Assigned task
Exclude all pictures. Then restate, word for word, the entries from the first line through the line that contains "I'm stirring this".

Stored items from a collection
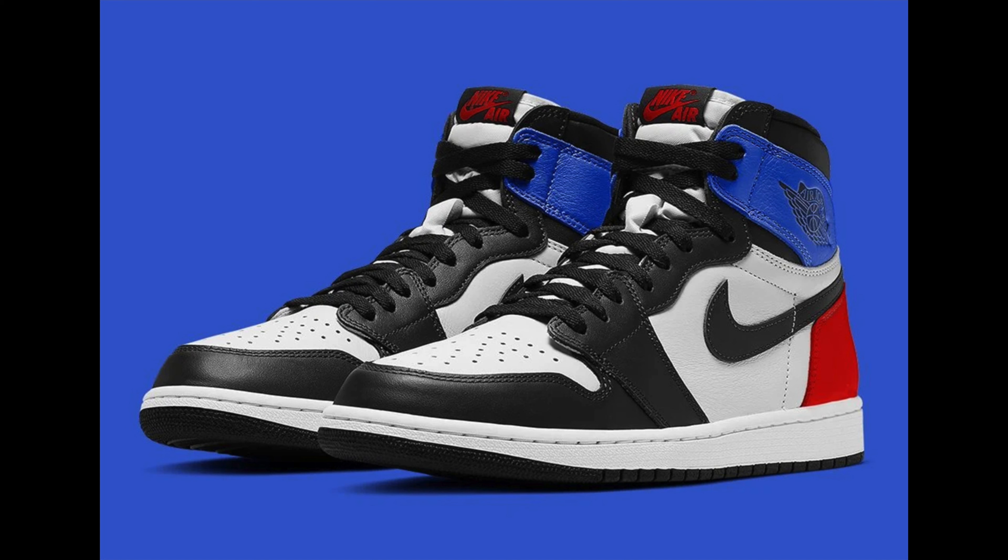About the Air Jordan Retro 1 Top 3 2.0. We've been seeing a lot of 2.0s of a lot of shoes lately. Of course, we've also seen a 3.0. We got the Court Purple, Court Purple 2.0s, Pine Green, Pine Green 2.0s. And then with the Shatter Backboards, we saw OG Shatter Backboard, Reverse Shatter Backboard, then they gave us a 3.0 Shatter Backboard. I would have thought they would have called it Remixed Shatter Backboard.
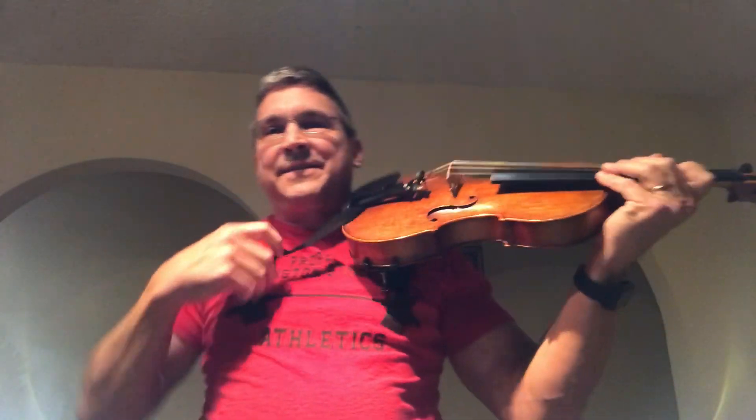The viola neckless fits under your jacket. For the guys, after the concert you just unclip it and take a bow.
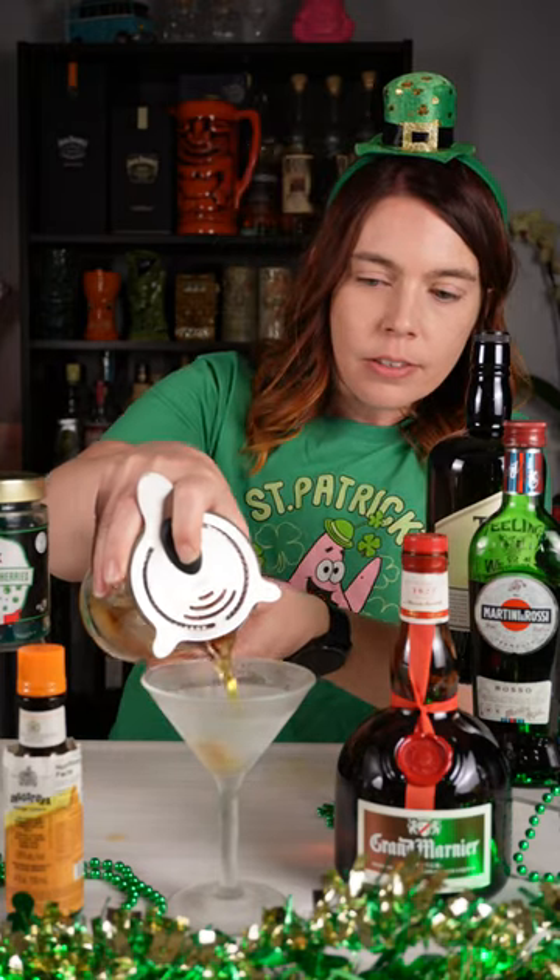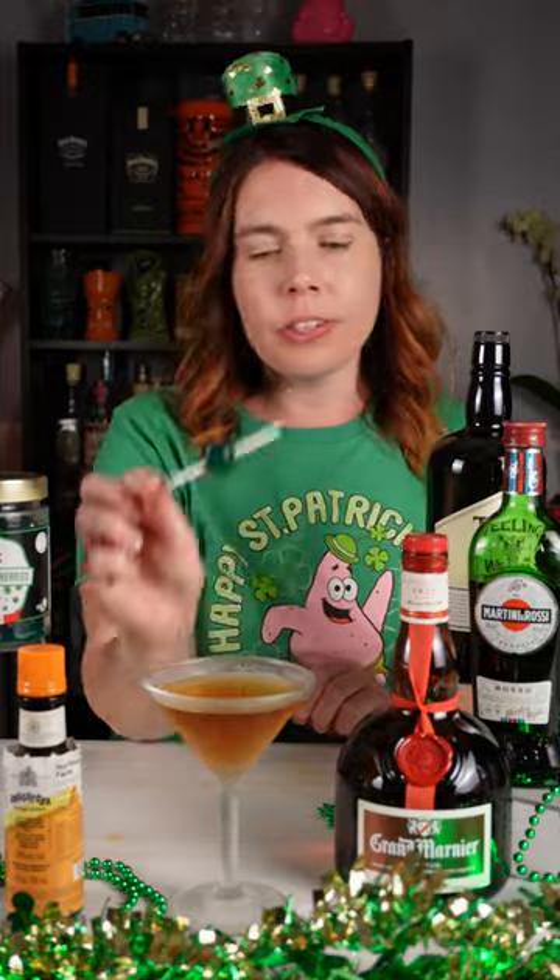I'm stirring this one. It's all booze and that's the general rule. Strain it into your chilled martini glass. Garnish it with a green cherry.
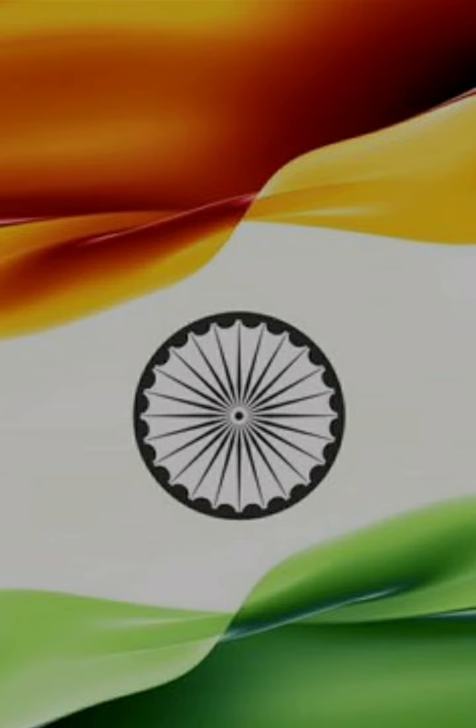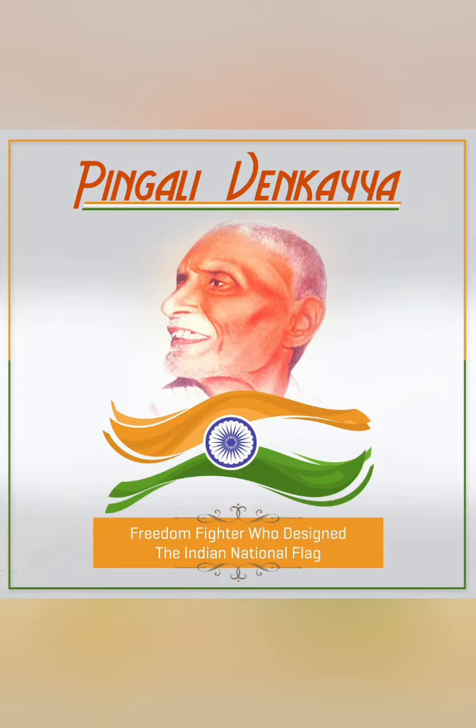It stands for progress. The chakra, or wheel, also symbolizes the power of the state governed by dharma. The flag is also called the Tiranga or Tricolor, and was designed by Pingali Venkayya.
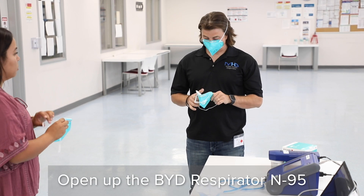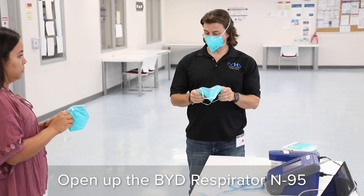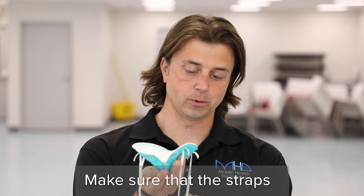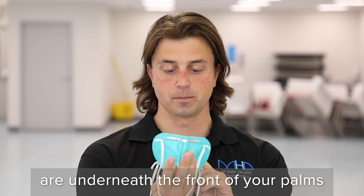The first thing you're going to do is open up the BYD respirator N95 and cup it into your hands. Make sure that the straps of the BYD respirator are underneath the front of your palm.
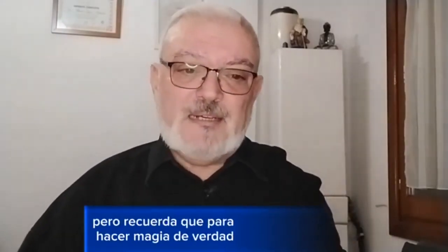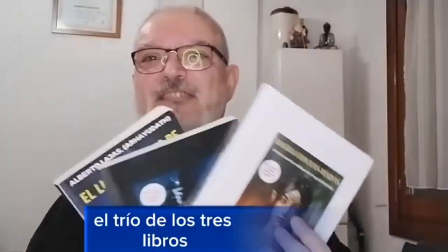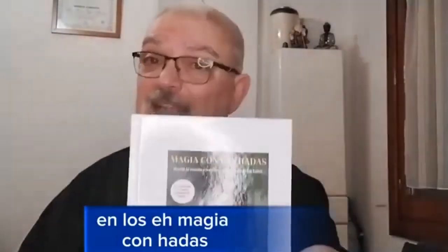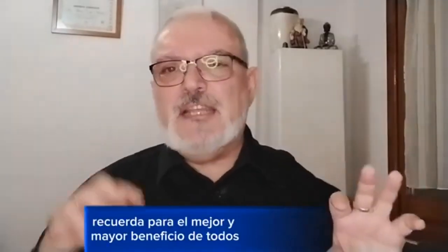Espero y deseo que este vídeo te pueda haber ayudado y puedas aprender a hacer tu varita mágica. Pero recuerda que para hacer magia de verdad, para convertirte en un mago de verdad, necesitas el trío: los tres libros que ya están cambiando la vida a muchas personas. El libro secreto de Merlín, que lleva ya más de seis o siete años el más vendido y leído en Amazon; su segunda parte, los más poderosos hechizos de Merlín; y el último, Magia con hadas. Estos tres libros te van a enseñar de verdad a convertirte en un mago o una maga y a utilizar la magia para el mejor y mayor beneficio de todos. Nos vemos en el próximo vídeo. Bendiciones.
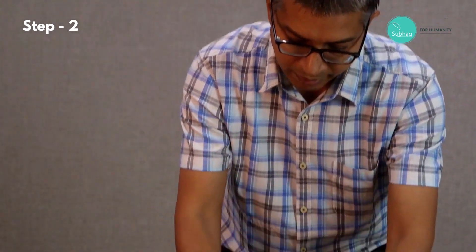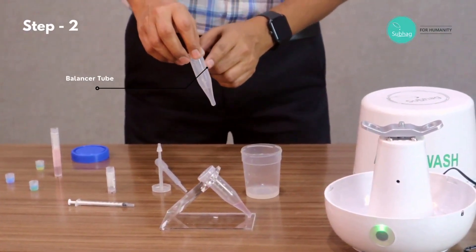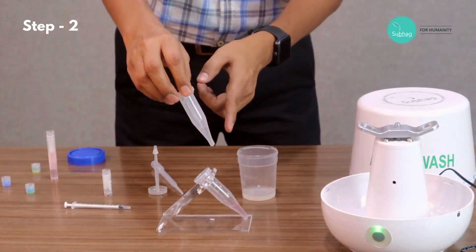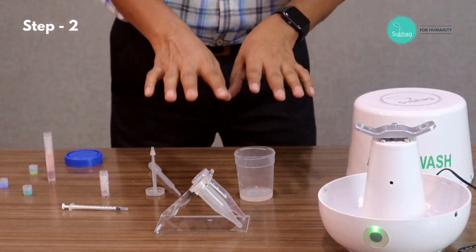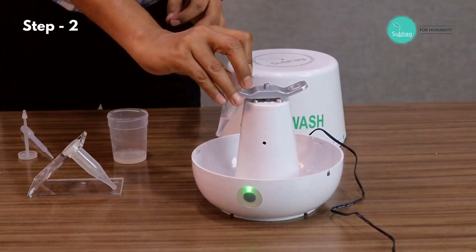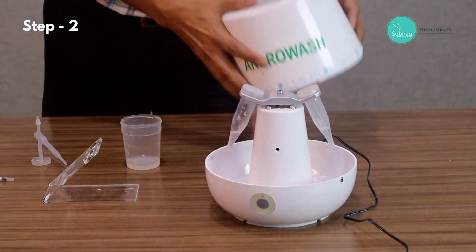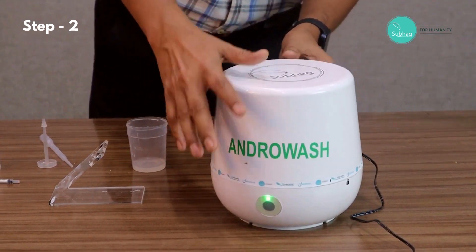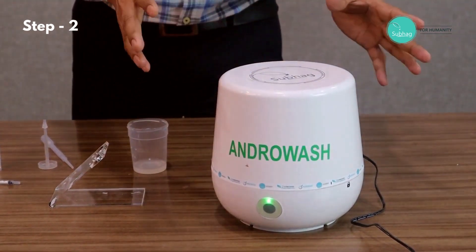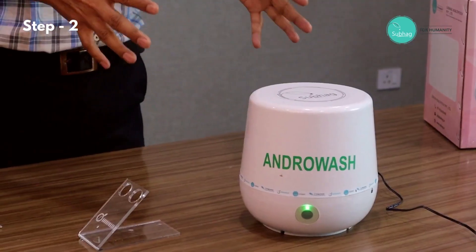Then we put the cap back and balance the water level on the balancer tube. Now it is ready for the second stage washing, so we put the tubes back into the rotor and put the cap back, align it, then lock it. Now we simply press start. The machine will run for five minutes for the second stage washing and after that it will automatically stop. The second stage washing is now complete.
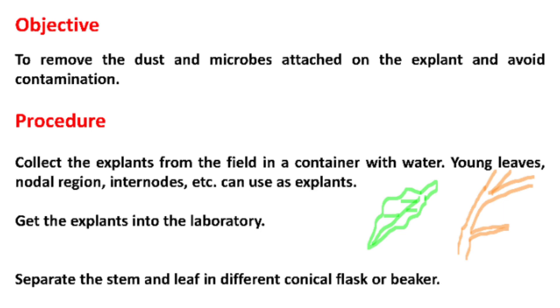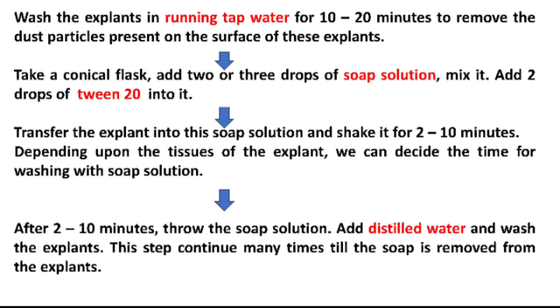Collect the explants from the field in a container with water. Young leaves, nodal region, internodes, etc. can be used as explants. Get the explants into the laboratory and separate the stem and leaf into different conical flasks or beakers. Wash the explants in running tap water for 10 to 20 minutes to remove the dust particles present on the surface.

Solution to this task
About the Air Jordan Retro 1 Top 3 2.0. We've been seeing a lot of 2.0s of a lot of shoes lately. Of course, we've also seen a 3.0. We got the Court Purple, Court Purple 2.0s, Pine Green, Pine Green 2.0s. And then with the Shatter Backboards, we saw OG Shatter Backboard, Reverse Shatter Backboard, then they gave us a 3.0 Shatter Backboard. I would have thought they would have called it Remixed Shatter Backboard.
The viola neckless fits under your jacket. For the guys, after the concert you just unclip it and take a bow.
I'm stirring this one. It's all booze and that's the general rule. Strain it into your chilled martini glass. Garnish it with a green cherry.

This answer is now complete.